The Agulhas current and its leakage of warm and salty indian-ocean water, play crucial role in the climate system by influencing Atlantic Meridional Overturning Circulation stability. While the ocean circulation models are not capable due to lacking of couplings, and the fully-coupled climate models fail because of inability to resolve mesoscale features, the high-resolution coupled model is the only viable tool to access this topic.
Due to limitation of computing resources, and the interests of longterm time-scale variabilities, current generation coupled-climate models are conventionally configured to horizontal resolution of 1.0 degree, and outputs are usuall stored monthly. This configuration leads to poor performances in simulating mesoscale features. In Agulhas current context, these models fail to reasonably simulate features such as Agulhas return current, Auglhas Ring, and therefore Agulhas leakage. Here, my work is based on a high-resolution configured Community Climate System Model (CCSM3.5) output. The spatial resolution of this simulation for the atmospheric and ocean component is 0.5 degree and 0.1 degree respectively.
Quantifying Agulhas leakage
The first difficulty we must overcome is quantifying Agulhas leakage robustly.In numerical models, where we have gridded data, a widely accepted approach to quantify Agulhas leakage is Lagrangian particle tracking.
With the aid of Connectivity Modeling System (CMS), we release particles along the ACT array. Each particle is tagged with a volume flux equivalent to the local velocity times the corresponding grid cell size. They are advected by local velocity fields from CCSM3.5 forward in time for two years. Tracking every particle trajectories, we can determine whether one particle crossing the GoodHope line, which basin it ends up in, and, above all, the timing of last-crossing. Summing up the number of last-crossing particles of every time-step, we can establish time-series of Agulhas leakage.
The approach mentioned above is fairly simple; however, there are many technical diffculties we must solve. First, lagrangian calculations in previous studies are mostly based on Ariane toolbox, which is not applicable to CCSM3.5 due to grid setup. Therefore, we use CMS instead. In addition, most of previos studies use Ocean General Circulation Model outputs with high temopral resolution (typically 5-daily output.), while most of Coupled Model outputs are archieved monthly, which is not ideal for lagrangian particle tracking.

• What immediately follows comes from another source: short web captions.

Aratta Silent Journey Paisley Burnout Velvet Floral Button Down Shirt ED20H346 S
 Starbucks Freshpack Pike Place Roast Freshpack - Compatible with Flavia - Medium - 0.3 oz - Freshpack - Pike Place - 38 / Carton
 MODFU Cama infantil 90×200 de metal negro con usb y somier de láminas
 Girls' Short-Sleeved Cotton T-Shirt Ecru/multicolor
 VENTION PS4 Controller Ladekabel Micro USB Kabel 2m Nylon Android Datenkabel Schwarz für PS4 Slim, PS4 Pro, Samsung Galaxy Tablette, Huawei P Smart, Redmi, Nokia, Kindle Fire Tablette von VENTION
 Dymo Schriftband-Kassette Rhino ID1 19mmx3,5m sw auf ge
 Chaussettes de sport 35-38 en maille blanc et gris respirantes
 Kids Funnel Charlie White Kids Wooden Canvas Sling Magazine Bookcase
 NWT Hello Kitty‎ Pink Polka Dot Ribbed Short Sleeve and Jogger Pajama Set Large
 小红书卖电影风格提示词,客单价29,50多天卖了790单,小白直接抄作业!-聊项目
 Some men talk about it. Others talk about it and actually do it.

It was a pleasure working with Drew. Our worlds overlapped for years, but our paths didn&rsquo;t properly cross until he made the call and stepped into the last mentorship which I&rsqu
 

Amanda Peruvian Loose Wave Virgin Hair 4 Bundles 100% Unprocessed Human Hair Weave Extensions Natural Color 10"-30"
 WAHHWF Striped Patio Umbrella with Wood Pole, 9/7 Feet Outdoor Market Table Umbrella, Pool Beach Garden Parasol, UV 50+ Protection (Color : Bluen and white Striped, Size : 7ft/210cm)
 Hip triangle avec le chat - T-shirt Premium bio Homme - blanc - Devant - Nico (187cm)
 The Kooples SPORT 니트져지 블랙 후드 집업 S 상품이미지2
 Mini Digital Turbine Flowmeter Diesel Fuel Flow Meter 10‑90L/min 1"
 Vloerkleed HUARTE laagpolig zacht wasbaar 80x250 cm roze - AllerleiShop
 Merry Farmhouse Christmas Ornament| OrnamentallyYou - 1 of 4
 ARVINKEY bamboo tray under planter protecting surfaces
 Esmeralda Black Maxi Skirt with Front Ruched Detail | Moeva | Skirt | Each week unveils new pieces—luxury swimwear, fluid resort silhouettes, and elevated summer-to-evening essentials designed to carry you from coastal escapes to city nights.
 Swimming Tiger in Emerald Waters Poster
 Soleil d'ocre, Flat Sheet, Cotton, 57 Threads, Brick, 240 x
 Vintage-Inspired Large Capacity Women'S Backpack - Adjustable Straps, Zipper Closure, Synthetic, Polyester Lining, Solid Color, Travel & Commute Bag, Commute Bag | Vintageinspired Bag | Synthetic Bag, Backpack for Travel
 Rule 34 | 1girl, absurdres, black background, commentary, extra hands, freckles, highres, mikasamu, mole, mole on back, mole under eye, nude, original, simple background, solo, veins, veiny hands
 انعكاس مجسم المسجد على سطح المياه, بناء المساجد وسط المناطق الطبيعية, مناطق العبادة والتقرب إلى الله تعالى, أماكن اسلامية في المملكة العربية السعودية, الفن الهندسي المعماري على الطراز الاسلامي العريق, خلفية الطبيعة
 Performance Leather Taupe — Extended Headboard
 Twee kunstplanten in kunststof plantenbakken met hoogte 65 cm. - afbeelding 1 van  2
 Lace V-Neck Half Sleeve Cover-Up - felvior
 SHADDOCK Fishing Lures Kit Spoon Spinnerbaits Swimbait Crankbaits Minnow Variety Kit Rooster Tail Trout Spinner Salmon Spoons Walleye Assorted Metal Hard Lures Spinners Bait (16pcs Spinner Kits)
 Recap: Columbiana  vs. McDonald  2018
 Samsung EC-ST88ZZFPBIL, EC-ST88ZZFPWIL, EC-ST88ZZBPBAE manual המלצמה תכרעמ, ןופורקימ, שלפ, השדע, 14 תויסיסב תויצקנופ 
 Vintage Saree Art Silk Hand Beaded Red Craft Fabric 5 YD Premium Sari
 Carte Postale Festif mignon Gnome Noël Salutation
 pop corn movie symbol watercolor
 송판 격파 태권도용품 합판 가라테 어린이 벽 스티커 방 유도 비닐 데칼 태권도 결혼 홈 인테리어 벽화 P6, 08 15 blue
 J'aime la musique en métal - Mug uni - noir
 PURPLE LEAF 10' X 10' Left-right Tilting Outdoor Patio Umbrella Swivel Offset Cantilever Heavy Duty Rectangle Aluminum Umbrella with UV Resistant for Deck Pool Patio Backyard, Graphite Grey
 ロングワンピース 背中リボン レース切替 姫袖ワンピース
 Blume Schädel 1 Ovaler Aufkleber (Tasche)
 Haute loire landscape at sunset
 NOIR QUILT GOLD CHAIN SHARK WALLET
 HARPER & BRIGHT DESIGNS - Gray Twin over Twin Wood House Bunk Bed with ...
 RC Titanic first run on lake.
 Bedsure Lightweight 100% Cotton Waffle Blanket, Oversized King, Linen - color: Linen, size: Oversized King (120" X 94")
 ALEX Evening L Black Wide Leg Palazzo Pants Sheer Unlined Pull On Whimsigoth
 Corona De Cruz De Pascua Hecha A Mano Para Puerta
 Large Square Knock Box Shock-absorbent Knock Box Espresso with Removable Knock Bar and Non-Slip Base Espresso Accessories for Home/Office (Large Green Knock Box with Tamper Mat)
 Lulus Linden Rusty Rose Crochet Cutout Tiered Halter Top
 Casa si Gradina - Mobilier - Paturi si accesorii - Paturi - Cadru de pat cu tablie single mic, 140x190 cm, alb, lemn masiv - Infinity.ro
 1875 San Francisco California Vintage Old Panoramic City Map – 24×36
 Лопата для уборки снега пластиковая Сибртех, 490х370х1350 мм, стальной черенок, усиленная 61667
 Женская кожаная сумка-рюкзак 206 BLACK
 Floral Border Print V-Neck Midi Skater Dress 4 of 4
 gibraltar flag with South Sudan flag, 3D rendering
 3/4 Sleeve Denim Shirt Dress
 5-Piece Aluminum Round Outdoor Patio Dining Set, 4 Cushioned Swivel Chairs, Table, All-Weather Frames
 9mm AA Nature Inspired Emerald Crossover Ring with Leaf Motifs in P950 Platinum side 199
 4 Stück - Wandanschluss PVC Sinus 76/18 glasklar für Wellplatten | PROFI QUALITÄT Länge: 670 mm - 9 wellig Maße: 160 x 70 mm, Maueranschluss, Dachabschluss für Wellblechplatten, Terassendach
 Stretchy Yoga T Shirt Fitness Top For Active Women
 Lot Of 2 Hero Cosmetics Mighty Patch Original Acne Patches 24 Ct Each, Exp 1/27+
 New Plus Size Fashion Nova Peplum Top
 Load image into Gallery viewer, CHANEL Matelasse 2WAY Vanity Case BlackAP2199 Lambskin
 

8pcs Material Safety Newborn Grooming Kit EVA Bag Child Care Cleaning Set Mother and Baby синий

To Adress these problems, we have tested different strategies, including releasing frequency, offshore boundary of releasing, particles with same the volume and so on. We also conducted several experiments using different temopral-resolution velocity fields to adress the degree of degradation of Agulhas leakage estimates of temporal-averaging.
We’ve established a robust way to quantify Agulhas leakage in high-resolution CCSM3.5 output, with which we obtain much more resonable Agulhas Leakage estimates (~20Sv) than previous estimates based on coarse-resolution CCSM4 simulation. Our next plan is to apply such method to a complete 54year high-resolution pre-industrial CCSM3.5 run, and to a currently-running 20-Centuray climate change run to evaluate the variability of Agulhas leakage and possibliy to link such variability to other climate modes, such as El Niño, AMO and Indian Ocean Dipole. In particular, we are very interested in seeing the variability of Agulhas Leakage in the climate-change condition, because the inter-basin exchange is believed to counteract the global-warming effect on the AMOC.